Texas lawmakers request PUC pause electricity market redesign plan
Texas lawmakers from the House and Senate have asked the Public Utilities Commission (PUC) to pause its planned electricity market redesign until it can be evaluated by the Legislature.
The Texas Legislator ordered the PUC to make changes to the power grid after the winter storm of February 2021 which left millions without power and caused hundreds of deaths. Changes required by the Texas government include requiring power plants to implement a reliability standard for the state’s electricity market.
PUC proposed a model similar to the current market. The supply-and-demand model will give financial benefits to generators that produce the cheapest power. The new model would add financial incentives for power plants that can quickly produce power when demand is at its highest, like during extreme temperatures. At the same time, the system would financially penalize generators who failed to produce promised power.
Senators expressed concern that PUC’s proposal may fail to meet the requirements of Senate Bill 3, and that new power generators would not be built in a timely and cost-effective manner.

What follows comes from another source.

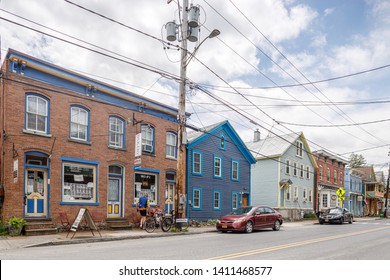 Rosendale, New York / USA - May 28 2019: Country Style Town, Main Street, Cafe, Office, Hotels Buildings, Western Style Homes.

The fastest growing power sources in Texas are renewable wind and solar plants. These energy sources typically provide less energy in the winter. The proposed changes will prioritize power generation technology that can quickly switch power on and off throughout the grid to balance drops in renewable power generation. In Texas, that likely means new natural gas power plants. While power companies are prepared to build new gas-fired plants, it’s unlikely they will begin investing in the projects before the law is clear.
Currently, Texans can expect one day of rolling blackouts per year. The PUC’s proposal intends to reduce that frequency to once per decade. The market redesign is expected to launch in January after the public has had a chance to comment on it.